In addition, the gas pump disk array may, for example, be spaced apart by spacers (not shown) disposed between each gas pump segment disk 121b. The gas pump base disk 121a is rotated and the centrifugal force and the boundary layer pulling effect are applied to the air positioned between the respective gas pump segment discs 121b as the gas pump segment discs 121b are spaced apart from each other, Drag Effect) to move the air outward.

Each gas pump segment disk 121b can be fixed to the adjacent gas pump segment disk 121b and the gas pump base disk 121a by fastening means 121d such as bolts.

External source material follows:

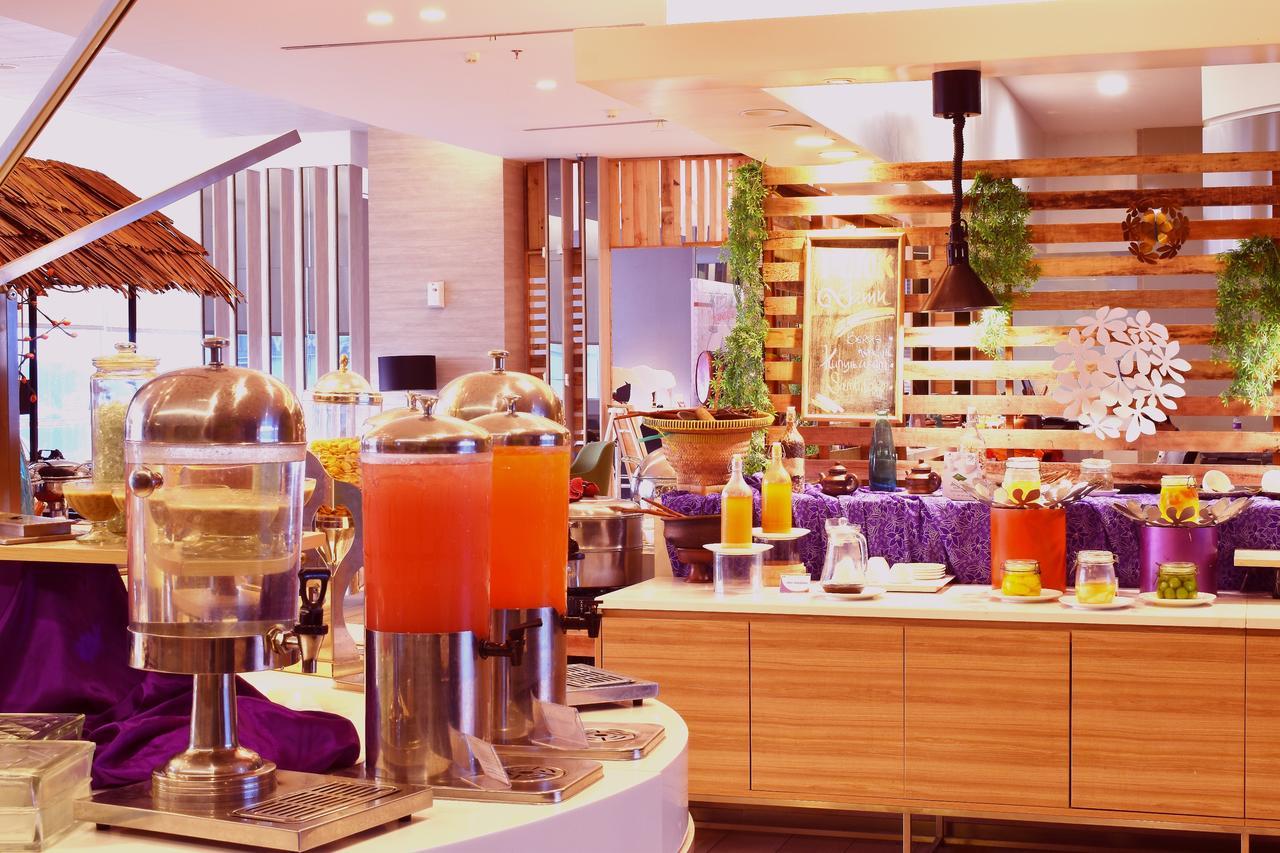 Fox Hotel Pekanbaru Dış mekan fotoğraf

The gas pump segment disc 121b may be curved at its ends to facilitate suction and discharge of the gas. However, the end portion of the gas pump segment disk 121b is not limited thereto, but may be formed to be angled at a right angle.

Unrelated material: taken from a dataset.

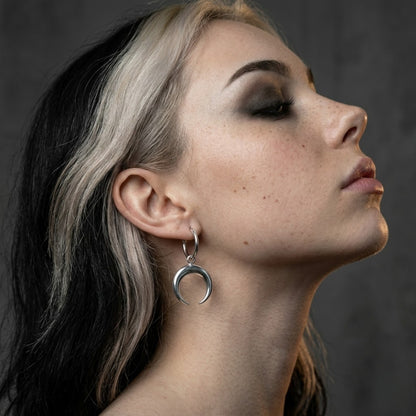 VOID CRESCENT – EARRINGS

Here, the gas pump base disk 121a and the gas pump segment disk 121b may include materials made of a corrosion-resistant material or a special coating.

The rotor magnet 121c is installed on the rotor 121 and interacts with the stator coil 122a. For example, the rotor magnet 121c may be installed on the base pump disk 121a. Here, the rotor magnet 121c may be a permanent magnet, but is not limited thereto and may be constituted by an electromagnet.

The stator 122 is disposed in the housing 101 and includes a stator coil 122a that interacts with the rotor magnet 121c. The stator coil 122a may be formed on a surface facing the rotor magnet 121c and powered.

Here, the gas pump 120 may use a rotary shaft provided on both sides of a commercially available BLDC (Brushless DC) motor.

The water tank 130 is connected to the housing 101 and has an internal space capable of storing water. The water tank 130 communicates with the liquid pump 140 to supply water to the liquid pump 140 when the liquid pump 140 is rotated.

The water tank 130 is connected to the cooling element 150 through a tube pipe 144 or the like so that the liquid can be stored when the water frozen in the cooling element 150 is thawed.

5A to 5B, the liquid pump 140 is connected to the same rotation axis as the gas pump 120 and is rotated in the same direction as the gas pump 120, and may not discharge or discharge water according to the rotation direction .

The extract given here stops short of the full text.